For the purpose of providing information for the implementation of policies concerning the future conservation through the reuse of wooded meadow-pasture systems, an ecological continuity could be established following a regressive observation from the present site ecology tracing back to the first discontinuity. It appears that in Ligurian Mountains, a main general reorganization of pastoral resources occurred in the post-classical age. In many cases, the adoption (or, on the contrary, the reduction) of specific land cover and use is precisely dated by pollen or charcoal samples (e.g., the quoted sites of Prato Spilla, Pian delle Groppere, Rachixina, Pian Brogione, Moglia di Casanova, etc.).

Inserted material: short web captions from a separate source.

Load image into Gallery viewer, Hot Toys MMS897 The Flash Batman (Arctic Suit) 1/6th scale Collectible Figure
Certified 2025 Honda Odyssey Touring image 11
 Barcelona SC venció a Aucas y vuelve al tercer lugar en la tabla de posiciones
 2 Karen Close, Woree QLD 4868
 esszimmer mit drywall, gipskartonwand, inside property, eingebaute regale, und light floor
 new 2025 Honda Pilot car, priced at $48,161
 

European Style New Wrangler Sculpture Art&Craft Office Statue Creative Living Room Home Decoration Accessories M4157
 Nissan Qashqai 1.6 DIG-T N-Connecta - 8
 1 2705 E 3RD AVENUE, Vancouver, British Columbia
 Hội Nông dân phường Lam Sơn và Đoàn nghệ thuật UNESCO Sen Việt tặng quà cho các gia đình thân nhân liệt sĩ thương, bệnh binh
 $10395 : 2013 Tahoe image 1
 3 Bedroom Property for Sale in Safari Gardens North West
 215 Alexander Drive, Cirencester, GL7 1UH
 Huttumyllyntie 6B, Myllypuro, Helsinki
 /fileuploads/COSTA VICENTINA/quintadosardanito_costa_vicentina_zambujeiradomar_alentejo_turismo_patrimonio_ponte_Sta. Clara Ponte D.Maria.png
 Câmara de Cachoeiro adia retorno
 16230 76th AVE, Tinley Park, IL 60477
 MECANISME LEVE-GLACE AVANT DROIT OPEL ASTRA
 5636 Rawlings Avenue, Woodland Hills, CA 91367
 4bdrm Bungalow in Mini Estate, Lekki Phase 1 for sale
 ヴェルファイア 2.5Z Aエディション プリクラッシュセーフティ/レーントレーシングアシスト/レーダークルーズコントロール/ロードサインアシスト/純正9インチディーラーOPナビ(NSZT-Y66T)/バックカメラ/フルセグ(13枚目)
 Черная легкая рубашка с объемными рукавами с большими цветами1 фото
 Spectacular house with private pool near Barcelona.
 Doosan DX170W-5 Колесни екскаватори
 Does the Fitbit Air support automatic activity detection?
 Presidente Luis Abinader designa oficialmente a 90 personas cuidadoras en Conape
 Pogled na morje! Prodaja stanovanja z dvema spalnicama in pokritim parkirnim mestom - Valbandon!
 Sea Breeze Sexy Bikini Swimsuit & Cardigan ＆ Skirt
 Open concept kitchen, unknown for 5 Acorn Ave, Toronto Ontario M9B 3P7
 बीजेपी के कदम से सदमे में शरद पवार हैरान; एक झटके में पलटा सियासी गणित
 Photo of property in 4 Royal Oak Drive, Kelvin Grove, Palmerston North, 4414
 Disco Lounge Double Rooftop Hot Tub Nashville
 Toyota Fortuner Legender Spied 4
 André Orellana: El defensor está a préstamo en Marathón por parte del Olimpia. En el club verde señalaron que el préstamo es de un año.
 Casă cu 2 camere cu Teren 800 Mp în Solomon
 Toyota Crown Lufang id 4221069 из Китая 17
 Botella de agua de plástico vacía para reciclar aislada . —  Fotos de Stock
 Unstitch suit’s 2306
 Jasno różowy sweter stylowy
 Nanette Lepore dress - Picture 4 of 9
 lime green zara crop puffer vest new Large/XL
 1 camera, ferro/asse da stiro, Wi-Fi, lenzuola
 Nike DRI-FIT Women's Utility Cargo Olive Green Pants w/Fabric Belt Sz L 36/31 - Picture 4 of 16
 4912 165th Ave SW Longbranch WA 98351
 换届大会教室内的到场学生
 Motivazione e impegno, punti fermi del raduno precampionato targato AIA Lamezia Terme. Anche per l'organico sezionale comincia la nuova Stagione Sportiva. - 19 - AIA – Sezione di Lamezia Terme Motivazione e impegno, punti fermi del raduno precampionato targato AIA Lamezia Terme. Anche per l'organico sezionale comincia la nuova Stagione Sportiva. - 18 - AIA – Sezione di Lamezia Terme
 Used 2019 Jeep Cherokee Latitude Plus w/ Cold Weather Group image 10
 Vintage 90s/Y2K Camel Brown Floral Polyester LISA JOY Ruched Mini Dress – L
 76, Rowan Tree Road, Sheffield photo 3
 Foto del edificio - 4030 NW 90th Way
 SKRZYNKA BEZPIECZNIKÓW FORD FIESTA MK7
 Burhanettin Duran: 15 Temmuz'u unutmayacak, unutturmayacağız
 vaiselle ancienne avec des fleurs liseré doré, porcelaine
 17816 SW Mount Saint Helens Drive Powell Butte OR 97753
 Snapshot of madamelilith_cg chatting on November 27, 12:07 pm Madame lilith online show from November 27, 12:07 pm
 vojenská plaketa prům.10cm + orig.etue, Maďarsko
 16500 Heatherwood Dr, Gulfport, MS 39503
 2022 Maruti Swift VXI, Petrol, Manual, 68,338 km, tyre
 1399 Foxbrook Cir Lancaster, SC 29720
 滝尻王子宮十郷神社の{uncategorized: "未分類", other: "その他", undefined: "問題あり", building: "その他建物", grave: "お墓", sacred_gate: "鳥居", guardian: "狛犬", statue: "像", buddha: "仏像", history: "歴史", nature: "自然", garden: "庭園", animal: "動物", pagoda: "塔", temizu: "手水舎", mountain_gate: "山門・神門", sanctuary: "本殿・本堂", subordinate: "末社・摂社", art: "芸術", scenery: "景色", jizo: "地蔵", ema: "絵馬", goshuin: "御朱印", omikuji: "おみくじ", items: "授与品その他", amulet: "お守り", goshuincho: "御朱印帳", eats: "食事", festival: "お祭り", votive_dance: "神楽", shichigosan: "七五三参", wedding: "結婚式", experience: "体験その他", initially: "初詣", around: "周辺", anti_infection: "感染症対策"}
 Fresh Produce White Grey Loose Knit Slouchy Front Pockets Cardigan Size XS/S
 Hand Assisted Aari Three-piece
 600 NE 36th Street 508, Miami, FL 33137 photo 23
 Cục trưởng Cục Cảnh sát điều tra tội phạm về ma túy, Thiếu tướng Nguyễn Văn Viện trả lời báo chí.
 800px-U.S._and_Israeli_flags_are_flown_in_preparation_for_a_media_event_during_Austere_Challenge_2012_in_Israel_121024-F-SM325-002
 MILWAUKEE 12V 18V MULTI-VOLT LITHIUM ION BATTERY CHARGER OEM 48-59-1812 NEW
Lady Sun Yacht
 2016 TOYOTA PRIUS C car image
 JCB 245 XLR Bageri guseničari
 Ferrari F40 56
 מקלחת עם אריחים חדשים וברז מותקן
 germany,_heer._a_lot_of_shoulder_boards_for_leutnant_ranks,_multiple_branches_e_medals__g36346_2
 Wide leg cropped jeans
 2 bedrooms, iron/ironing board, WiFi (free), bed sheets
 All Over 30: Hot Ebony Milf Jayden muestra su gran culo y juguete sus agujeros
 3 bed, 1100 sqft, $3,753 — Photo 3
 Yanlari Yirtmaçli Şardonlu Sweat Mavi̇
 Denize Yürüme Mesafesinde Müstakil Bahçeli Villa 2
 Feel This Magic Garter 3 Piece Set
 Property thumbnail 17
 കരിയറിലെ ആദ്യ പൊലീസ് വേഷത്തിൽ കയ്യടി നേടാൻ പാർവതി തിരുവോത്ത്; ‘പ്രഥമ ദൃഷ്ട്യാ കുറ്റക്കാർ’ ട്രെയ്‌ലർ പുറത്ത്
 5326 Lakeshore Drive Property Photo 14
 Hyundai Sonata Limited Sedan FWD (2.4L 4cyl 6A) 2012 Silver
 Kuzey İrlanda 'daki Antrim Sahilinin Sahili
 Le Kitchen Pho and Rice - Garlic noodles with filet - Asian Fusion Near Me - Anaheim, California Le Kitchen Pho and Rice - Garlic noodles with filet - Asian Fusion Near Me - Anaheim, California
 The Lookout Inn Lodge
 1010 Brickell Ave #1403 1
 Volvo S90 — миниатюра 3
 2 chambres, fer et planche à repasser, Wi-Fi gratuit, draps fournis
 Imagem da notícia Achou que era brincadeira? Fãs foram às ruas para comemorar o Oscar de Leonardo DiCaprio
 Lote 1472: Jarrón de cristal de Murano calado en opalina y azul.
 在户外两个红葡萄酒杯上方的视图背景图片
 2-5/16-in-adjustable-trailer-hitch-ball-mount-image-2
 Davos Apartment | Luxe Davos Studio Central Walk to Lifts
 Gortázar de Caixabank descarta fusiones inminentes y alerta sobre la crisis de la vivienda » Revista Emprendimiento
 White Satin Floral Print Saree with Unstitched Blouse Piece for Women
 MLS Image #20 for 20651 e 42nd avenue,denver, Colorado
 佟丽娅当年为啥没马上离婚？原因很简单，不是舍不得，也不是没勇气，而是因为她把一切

It is almost certain that the wooded meadow-pasture system is related to the common use of land and to the adoption of the new legal access to the collective resources that had been put in place in NW Apennines with the Lombard age customary law system. But each individual landscape of wooded meadow-pasture requires its own biographical reconstruction. On the basis of pollen and microcharcoals evidence, the hypothesis that a wooded pasture populated with silver firs (Abies alba) was already in use in the Ligurian-Emilian Apennines during proto and prehistoric ages has been advanced (see [49, 50, 51]). This fact could be of interest in pointing out the problem of the ecological continuity within the present vegetation cover of these archeologically reconstructed systems.

The pollen core (Figure 8) at “Moglia di Casanova” has been sampled in a pond/peat bog site, located in the common land of the mentioned parish of Casanova di Rovegno on the watershed between the Trebbia and the Aveto Valleys. The collapse of Abies spp. percentages recorded in the pollen diagrams obtained in this watershed (Moglia di Casanova site and Mogge di Ertola site) dates at the Roman Age; while in other sites of the Aveto valley (Lago Riane and Prato Mollo), the substitution Abies-Fagus appears to be much older (4000 and 3000 BC, see [51, 52, 53]). The “Moglia di Casanova” peat bog site offers another significant pollen evidence: fir trees present during the Bronze Age were affected by a clearing phase which resulted in an open wood pasture rather than a closed forest [49]. Gillian Cruise, thanks to the increase in the pollen of Composite, Gramineae, Cyperaceae, and minor occurrences of Liliacee, Melampyrum, and Rhinanthus, suggested an important phase dating back to the Bronze Age of permanent pasture in (or between) the fir woods. The presence of Avena (oats) pollen in this context had also suggested temporary small-scale fields in woodland clearings and glades, allowed by the functioning of a multipurpose system [7, 49]. Was in pre Classical Age the silver fir population managed as a multipurpose system similar to the local system documented in medieval and post-medieval ages?

Figure 8.

Pollen diagram cored at “Moglia di Casanova” pond/peat bog site ([49], modified [7]).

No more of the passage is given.